### Extracted records ###

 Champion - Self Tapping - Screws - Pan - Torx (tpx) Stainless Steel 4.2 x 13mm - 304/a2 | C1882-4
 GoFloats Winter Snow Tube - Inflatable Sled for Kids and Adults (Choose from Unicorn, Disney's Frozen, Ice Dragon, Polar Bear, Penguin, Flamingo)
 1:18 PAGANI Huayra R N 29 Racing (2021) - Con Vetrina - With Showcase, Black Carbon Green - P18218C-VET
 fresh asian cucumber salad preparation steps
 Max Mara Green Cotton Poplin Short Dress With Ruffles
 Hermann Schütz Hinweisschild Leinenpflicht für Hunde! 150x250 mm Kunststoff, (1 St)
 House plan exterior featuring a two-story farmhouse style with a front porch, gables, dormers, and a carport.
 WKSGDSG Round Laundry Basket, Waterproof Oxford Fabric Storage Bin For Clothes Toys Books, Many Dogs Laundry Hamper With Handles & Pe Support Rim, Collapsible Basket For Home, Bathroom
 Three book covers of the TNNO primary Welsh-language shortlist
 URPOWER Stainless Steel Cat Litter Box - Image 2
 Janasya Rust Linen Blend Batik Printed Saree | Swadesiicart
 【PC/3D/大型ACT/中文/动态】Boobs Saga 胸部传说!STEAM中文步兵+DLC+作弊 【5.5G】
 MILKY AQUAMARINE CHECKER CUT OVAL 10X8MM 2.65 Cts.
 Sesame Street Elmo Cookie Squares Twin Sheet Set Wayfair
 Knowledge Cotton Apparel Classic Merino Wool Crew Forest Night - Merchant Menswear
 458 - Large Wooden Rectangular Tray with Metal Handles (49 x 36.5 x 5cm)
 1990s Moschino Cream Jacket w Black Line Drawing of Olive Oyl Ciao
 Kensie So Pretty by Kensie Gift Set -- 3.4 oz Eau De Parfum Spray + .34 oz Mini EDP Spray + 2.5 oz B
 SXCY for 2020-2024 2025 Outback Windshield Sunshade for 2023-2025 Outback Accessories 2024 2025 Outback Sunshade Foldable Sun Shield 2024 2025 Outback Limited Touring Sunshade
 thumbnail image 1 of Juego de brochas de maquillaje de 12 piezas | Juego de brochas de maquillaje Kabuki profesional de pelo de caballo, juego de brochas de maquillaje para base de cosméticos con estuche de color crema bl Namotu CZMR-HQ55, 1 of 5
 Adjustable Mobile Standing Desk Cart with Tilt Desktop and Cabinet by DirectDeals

###

» Assigned task
Please give back only the lines starting with the one that contains "Sesame Street Elmo" and ending with the last line of the listing, retyped exactly.

» Output of the exercise
 Sesame Street Elmo Cookie Squares Twin Sheet Set Wayfair
 Knowledge Cotton Apparel Classic Merino Wool Crew Forest Night - Merchant Menswear
 458 - Large Wooden Rectangular Tray with Metal Handles (49 x 36.5 x 5cm)
 1990s Moschino Cream Jacket w Black Line Drawing of Olive Oyl Ciao
 Kensie So Pretty by Kensie Gift Set -- 3.4 oz Eau De Parfum Spray + .34 oz Mini EDP Spray + 2.5 oz B
 SXCY for 2020-2024 2025 Outback Windshield Sunshade for 2023-2025 Outback Accessories 2024 2025 Outback Sunshade Foldable Sun Shield 2024 2025 Outback Limited Touring Sunshade
 thumbnail image 1 of Juego de brochas de maquillaje de 12 piezas | Juego de brochas de maquillaje Kabuki profesional de pelo de caballo, juego de brochas de maquillaje para base de cosméticos con estuche de color crema bl Namotu CZMR-HQ55, 1 of 5
 Adjustable Mobile Standing Desk Cart with Tilt Desktop and Cabinet by DirectDeals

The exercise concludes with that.